Most people learn to write by emulating other writers. Creative writing classes often include assignments in which the student copies a particular style or even the introduction of some famous short story or poem.
Beyond this, one of the most repeated pieces of writing advice for aspiring authors is to read whatever they can get their hands on to learn what works and doesn’t. This is solid advice, and I certainly don’t disagree.
There comes a point, however, when the nascent writer has to take down the scaffolding of other voices. The question is this: What voice is left after the scaffolding disappears?
By voice, I mean the characteristic style of your writing that lets the reader know you are the author—the lyric rhythm, the straightforward prose, the sardonic wit. Your voice is the point of contact between you and the worlds and words you create.
Getting out from the shadow of other writers is a complicated process. The more you write; the more confidence you gain in making the writing sound the way you want it to. This doesn’t mean you can’t or shouldn’t be influenced by others. That’s unavoidable. And, in fact, your individuality as a unique content creator comes through because of your background, not in spite of it.
But make sure that you aren’t drowning yourself out because you want your writing to sound more like [insert famous writer here]. This isn’t always a conscious process, but when you review what you’ve written, you’ll likely see the places you’ve leaned on others instead of speaking as you.

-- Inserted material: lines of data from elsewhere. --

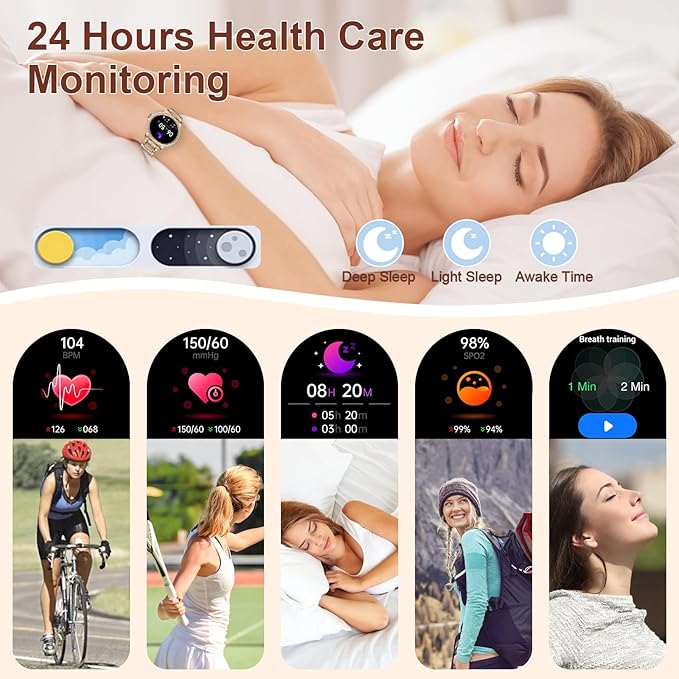 GADIXY Smart Watches for Women(Make/Answer Call) with Diamond:1.32" Fitness Tracker Watch for HR/Blood Pressure/SpO2/Sleep Monitor,Digital Running Watches for Women Android/iOS,3 Strips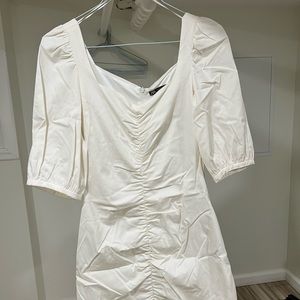 ZARA White Puff Sleeve Ruched Mini Dress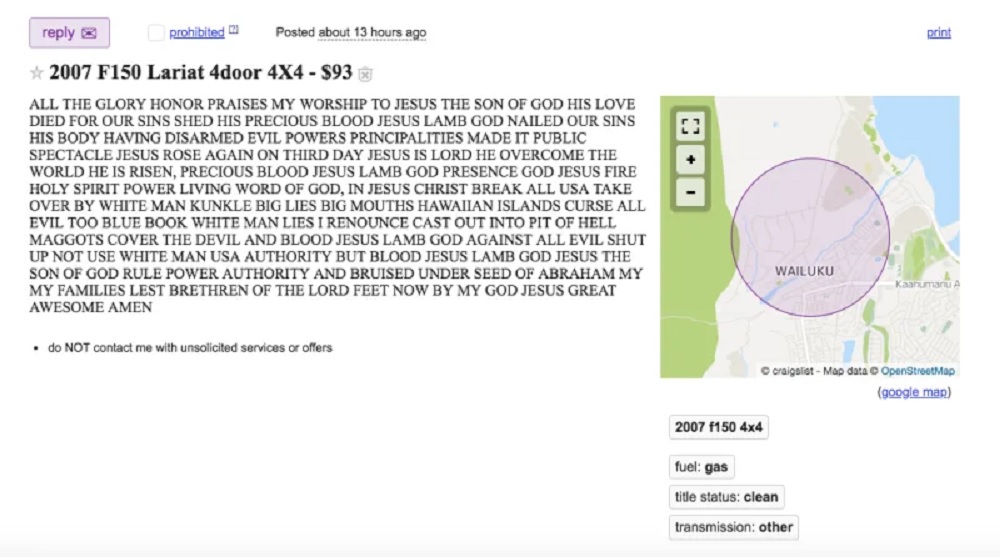 What not to include in your Craigslist truck or car ad
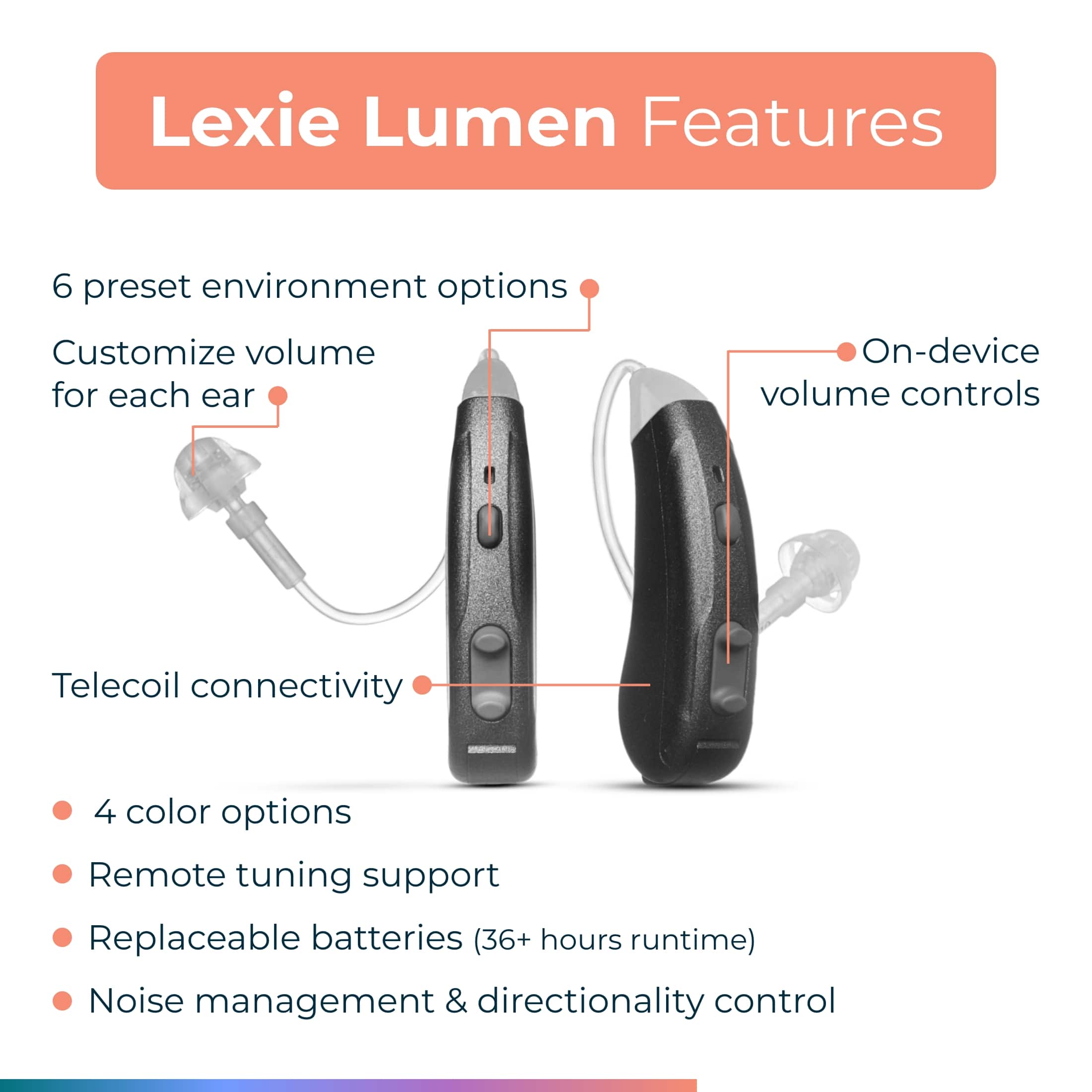 Lexie Lumen Features:
1. 6 preset environment options
2. Customize volume for each ear
3. On-device volume controls
4. Telecoil connectivity
5. 4 color options
6. Remote tuning support
7. Replaceable batteries (36+ hours runtime)
8. Noise management & directionality control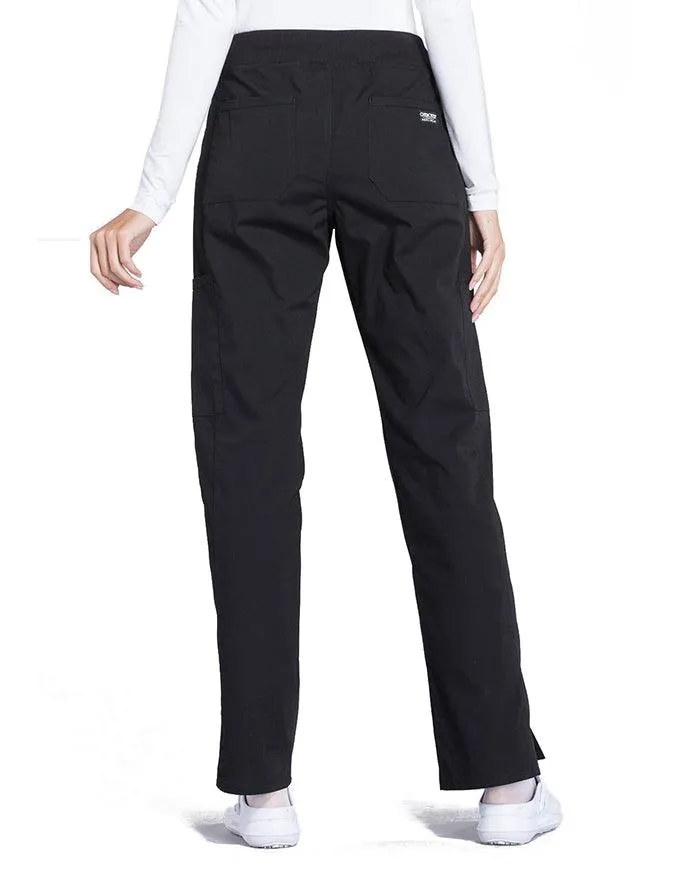 Cherokee Workwear Professionals Women's Elastic Waist Mid Rise Straight Leg Pull-on Cargo Pant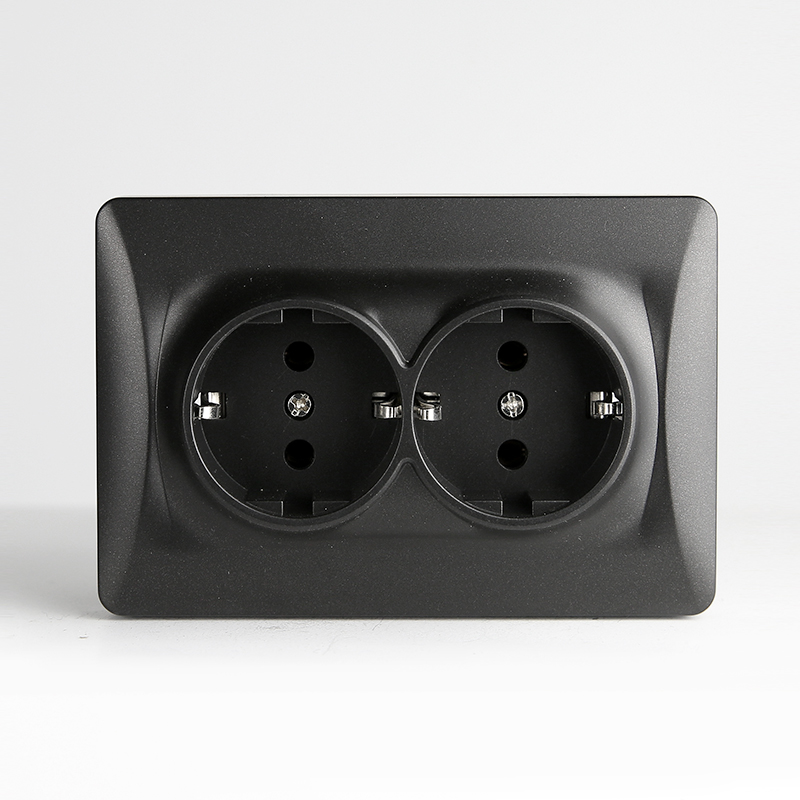 Розетка электрическая 2x2К+З, 16А, 220-250V (антрацит) 0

Here are some questions to ask yourself:
- Did you learn to write by emulating others? What impact do you think this had?
- Who are your influences as a writer?
- Which characteristics of their writing do you enjoy the most? Which do you hope to capture in your own writing?
- How would you describe the way your writing comes across? Sarcastic? Lean? Flowing?
- Does this style seem natural?
- How does your background make you unique?
- After reviewing your writing, how does it compare to the writing of those who have influenced you?
The Writer’s Checkup
Read the intro for background.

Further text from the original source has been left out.